• _Task requirements_: From the line containing "Women’s black pants Briggs New York Size 16" to the line containing "micargi raiatea 500w tandem electric bicycle" in the records below, set down every line exactly as it stands, both ends included, and skip the pictures.
[[ Material provided, beginning ]]
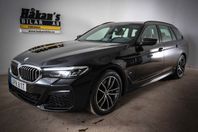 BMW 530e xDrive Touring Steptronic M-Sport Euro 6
[[ Material provided, end ]]
[[ Material provided, beginning ]]
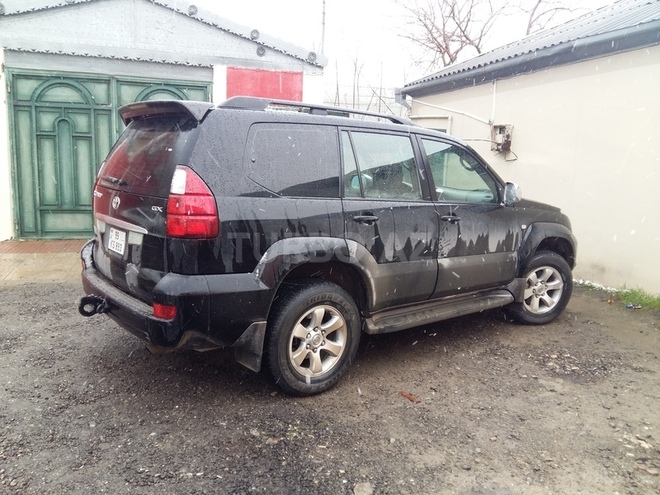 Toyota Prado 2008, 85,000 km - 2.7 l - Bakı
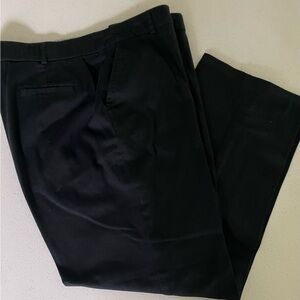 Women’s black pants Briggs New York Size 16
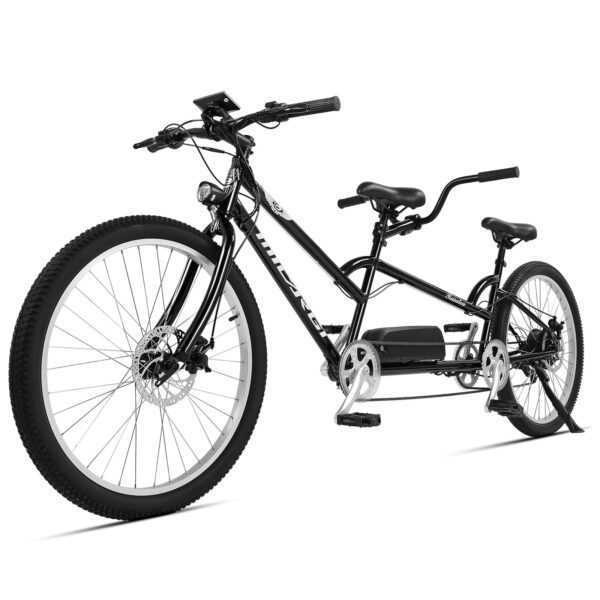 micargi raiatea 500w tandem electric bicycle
[[ Material provided, end ]]
• _Response area_:
 Women’s black pants Briggs New York Size 16
 micargi raiatea 500w tandem electric bicycle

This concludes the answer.